:: Records supplied ::
■ ■ ■ ■ ■

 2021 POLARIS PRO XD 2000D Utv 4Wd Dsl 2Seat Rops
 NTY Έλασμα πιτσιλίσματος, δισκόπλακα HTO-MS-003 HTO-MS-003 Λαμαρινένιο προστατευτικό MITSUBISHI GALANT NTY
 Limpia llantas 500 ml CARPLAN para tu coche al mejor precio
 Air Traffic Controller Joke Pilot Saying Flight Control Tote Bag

■ ■ ■ ■ ■

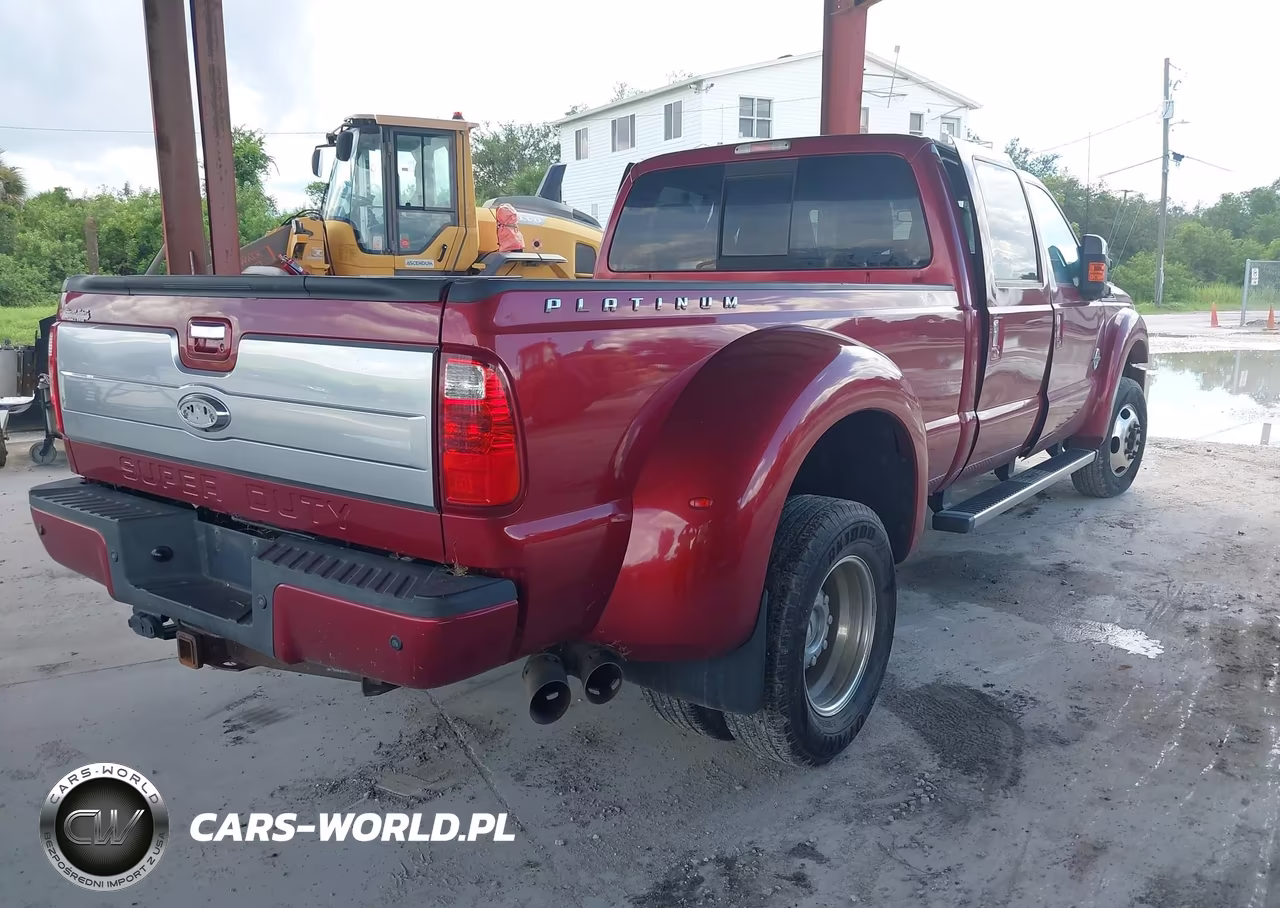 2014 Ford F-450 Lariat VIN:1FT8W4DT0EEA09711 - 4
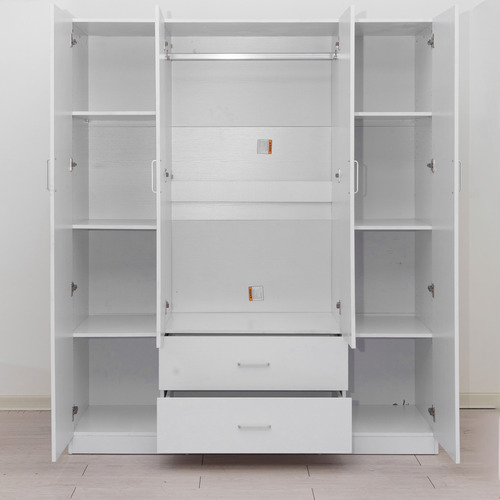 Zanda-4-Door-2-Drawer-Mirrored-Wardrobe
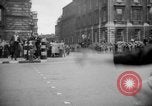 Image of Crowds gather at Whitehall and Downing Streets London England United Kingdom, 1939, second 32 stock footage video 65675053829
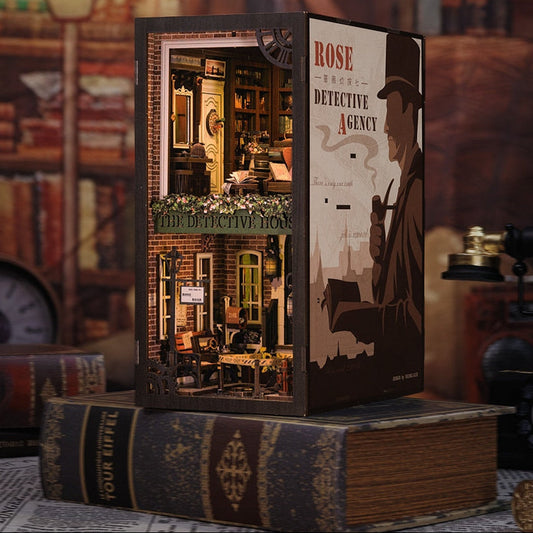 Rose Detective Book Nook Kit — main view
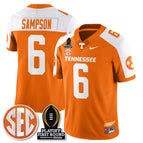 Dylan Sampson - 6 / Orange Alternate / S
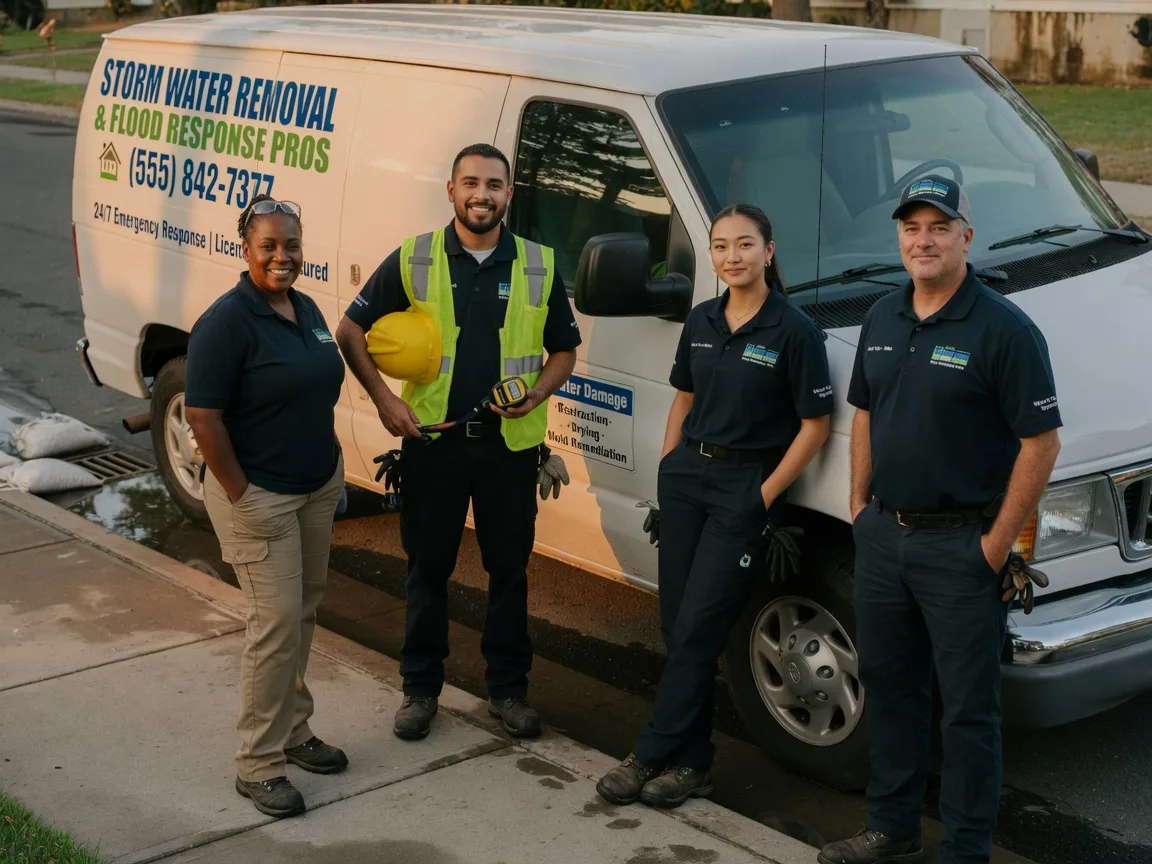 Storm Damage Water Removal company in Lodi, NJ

■ ■ ■ ■ ■

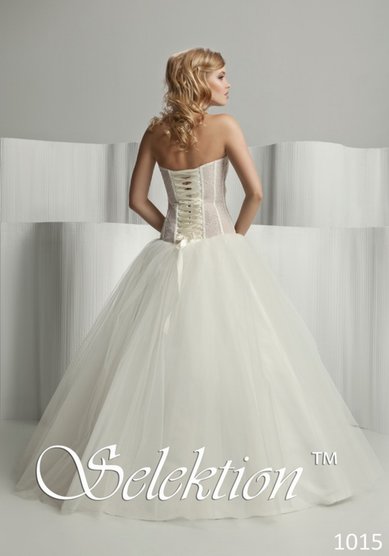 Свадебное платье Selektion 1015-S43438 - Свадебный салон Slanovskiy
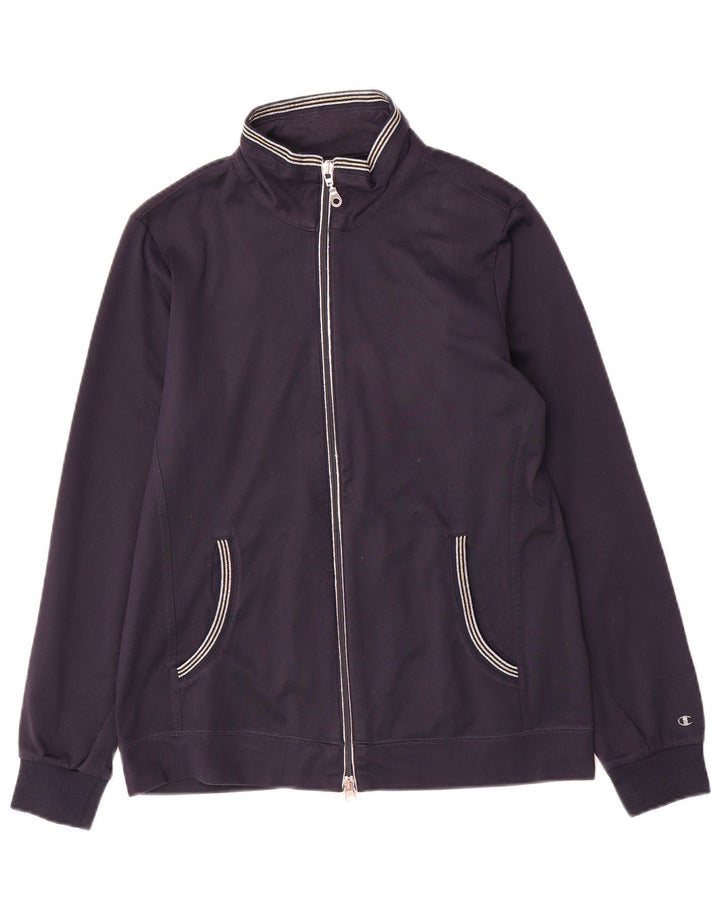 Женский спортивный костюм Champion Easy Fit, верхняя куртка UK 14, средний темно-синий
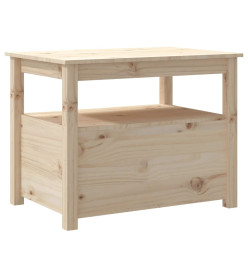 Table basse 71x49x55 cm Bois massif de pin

■ ■ ■ ■ ■

:: Exercise details ::
Print the lines above from the one with "Limpia llantas 500" through the one with "Air Traffic Controller", both included, exactly as written and nothing more.

:: Exercise answer ::
 Limpia llantas 500 ml CARPLAN para tu coche al mejor precio
 Air Traffic Controller Joke Pilot Saying Flight Control Tote Bag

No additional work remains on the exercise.